Note that tracing at this level shows edges as the come off the agenda and into the chart, so we can't see exactly why the result we're looking for never appeared.

To see more detail edit the file again to switch to beam-width 1200, and up the level of detail in the trace to show pruning:

ppc.trace(3)

Again, run from outside ipython:

> python lab6.py > ptrace2.txt

Use the less and the egrep command on ptrace2.txt this time to see what went wrong. Can you see why we're 'losing' the correct answer? Where are the edges coming from that are filling up the beam?

You may want to try exploring ptrace2.txt with less -N and its /regexp command which skips forward to the next occurrence of that regexp. Also note that you don't have to quit and type less -N to back up and look for something else, you can just use b to b ack up a page, and g to g o back to the beginning.

If you're more comfortable searching inside an editor, you can just load ptrace2.txt into an editor and do that.

Aside from the speed of our old DICE machines, what's wrong with the grammar that's causing so much wasted effort? (Hint: A simpler answer than the ones we've looked at in class is all that's needed.)

Going Further:

1. Further to the last question, try sorting prods in increasing order of cost -- what stands out about many of the lowest cost productions? (Hint: what's the easiest way for some production to have cost 0?)

You can check your guess by referring to the counts you get from:

pd=production_distribution(psents)

using the supplied production_distribution function, similar to the one we used last time, but which just counts productions without separating lexical from non-lexical.

2. Draw the 'correct' phrase structure tree for the sentence "he ate salad with a fork" manually according to the toy grammar. Compare your tree with the output trees when parsed with sppc.

To draw your correctly bracketed structure, represented as a string, use NLTK commands as shown below, using your own string:

treeStr = "(S (NP (Pro he)) (VP (Vt ate) (NP (N salad) ) ) )"
tree = nltk.tree.Tree(treeStr)
tree.draw()

3. Update the grammar to handle imperative sentences such as "eat the salad".

4. Take some sample sentences, draw their correct phrase structures, get the first best output from the PCFG parser (set the beam width as low as you can!) for these sentences and evaluate them using parseval.

5. Create a text file called "input.txt" and write three sentences "he ate salad", "he ate salad with mushrooms", and "he ate salad with a fork" into this file, where each sentence is in a separate line. Write a function which reads sentences from this file, parses them and print the output into "output.txt" file.
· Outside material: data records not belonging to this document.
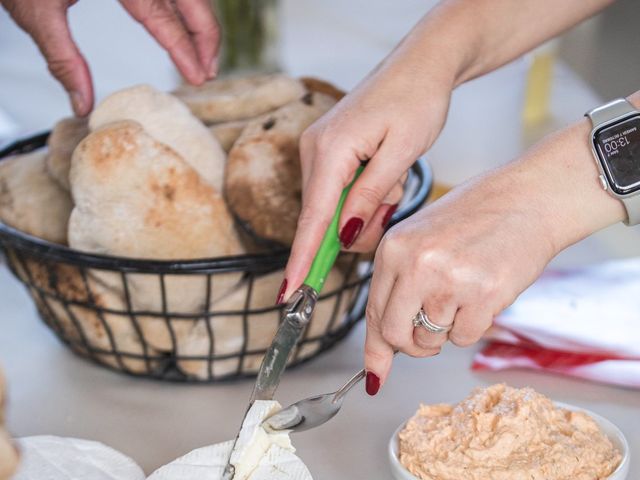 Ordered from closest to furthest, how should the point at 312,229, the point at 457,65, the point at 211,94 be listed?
1. the point at 312,229
2. the point at 457,65
3. the point at 211,94

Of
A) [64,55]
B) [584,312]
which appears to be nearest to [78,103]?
[64,55]

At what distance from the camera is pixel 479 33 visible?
2.83 ft

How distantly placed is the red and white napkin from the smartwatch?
21cm

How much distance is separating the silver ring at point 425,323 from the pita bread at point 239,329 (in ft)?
0.55

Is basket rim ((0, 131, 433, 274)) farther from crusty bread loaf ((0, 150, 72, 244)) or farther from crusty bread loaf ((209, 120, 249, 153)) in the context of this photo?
crusty bread loaf ((209, 120, 249, 153))

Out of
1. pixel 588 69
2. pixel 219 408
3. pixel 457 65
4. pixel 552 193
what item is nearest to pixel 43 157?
pixel 219 408

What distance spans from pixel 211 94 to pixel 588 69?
4.23 feet

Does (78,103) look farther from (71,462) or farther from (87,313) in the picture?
(71,462)

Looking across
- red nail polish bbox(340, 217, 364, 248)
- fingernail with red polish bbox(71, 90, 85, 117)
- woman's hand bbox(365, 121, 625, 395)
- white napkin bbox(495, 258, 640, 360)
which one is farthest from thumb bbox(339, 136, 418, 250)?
fingernail with red polish bbox(71, 90, 85, 117)

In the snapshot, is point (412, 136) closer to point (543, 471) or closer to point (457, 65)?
point (457, 65)

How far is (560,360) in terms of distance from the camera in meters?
0.84

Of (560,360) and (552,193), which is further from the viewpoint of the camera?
(560,360)

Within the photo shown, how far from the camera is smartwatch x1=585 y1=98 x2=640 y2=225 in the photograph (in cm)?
64

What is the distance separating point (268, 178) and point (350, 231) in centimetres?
10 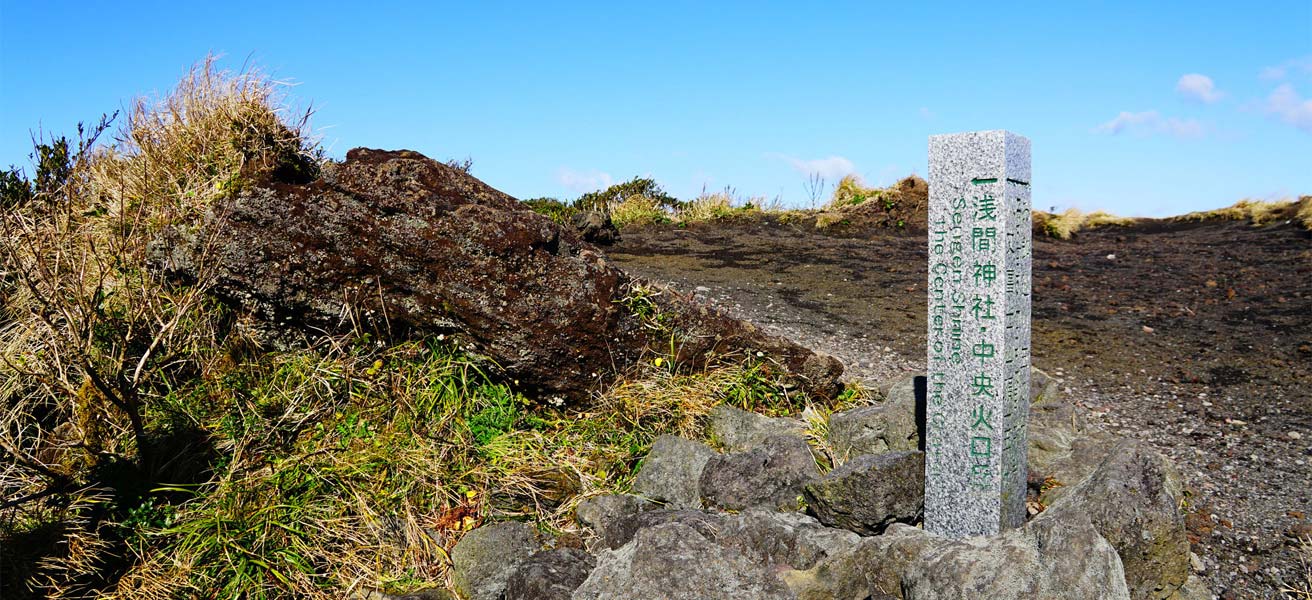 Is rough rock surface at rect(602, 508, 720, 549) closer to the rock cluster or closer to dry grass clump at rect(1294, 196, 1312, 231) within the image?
the rock cluster

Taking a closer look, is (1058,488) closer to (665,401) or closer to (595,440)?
(665,401)

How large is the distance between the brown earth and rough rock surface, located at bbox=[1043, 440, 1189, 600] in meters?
0.71

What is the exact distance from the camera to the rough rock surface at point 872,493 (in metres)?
4.32

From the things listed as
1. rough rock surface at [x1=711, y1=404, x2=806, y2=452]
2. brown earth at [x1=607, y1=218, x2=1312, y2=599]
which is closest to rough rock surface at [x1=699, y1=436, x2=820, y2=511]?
rough rock surface at [x1=711, y1=404, x2=806, y2=452]

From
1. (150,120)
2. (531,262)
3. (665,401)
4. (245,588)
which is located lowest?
(245,588)

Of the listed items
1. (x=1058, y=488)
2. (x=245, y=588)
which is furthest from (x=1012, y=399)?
(x=245, y=588)

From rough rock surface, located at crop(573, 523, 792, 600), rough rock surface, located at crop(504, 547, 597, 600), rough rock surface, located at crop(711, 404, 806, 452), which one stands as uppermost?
rough rock surface, located at crop(711, 404, 806, 452)

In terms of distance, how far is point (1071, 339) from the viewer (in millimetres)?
8633

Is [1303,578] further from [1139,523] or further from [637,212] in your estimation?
[637,212]

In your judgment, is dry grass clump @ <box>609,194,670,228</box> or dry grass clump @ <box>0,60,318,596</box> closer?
dry grass clump @ <box>0,60,318,596</box>

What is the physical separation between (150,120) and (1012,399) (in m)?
6.28

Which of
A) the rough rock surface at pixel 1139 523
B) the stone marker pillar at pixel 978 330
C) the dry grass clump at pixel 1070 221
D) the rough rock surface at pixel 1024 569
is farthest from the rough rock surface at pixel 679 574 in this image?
the dry grass clump at pixel 1070 221

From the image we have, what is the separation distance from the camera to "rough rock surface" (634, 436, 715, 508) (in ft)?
15.8

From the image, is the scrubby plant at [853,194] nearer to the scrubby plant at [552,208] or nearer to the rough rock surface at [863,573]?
the scrubby plant at [552,208] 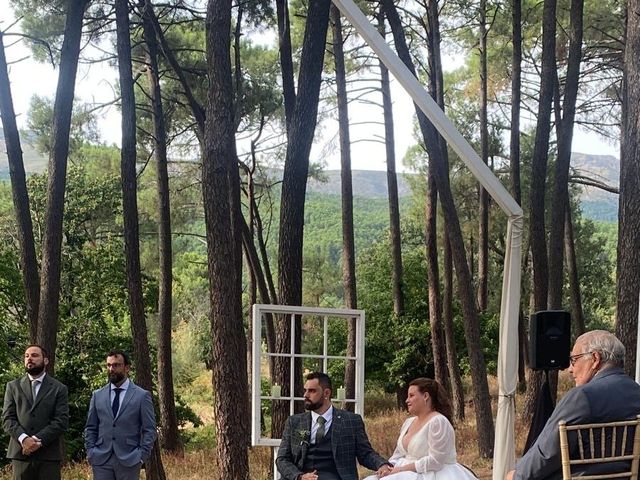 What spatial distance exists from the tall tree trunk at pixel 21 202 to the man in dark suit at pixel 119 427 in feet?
15.6

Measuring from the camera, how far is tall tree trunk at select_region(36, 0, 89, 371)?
9.66 m

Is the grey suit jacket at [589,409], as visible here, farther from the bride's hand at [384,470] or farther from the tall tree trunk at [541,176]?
the tall tree trunk at [541,176]

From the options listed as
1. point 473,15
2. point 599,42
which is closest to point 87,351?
point 473,15

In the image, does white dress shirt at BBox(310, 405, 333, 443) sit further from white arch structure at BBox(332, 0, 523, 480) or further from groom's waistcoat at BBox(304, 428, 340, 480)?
white arch structure at BBox(332, 0, 523, 480)

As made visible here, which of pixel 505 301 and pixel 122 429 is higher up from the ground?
pixel 505 301

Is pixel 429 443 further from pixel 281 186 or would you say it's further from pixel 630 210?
pixel 281 186

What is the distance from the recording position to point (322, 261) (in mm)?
38250

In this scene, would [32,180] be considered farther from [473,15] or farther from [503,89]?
[503,89]

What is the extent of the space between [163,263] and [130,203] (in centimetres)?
388

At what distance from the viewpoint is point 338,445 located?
226 inches

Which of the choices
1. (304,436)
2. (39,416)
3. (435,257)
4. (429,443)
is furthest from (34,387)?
(435,257)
Extra credit: Recompute the productions while ignoring all the -digit* suffixes on Nonterminal symbols which occur throughout the treebank. How many productions now?. Rebuild the grammar. Re-run some tests -- any changes?

Even more extra credit: Edit the code to a) actually store costs, not probabilities and b) use a figure of merit as discussed in class rather than the simple sum of costs. This should fix the problem observed at the end of the lab above.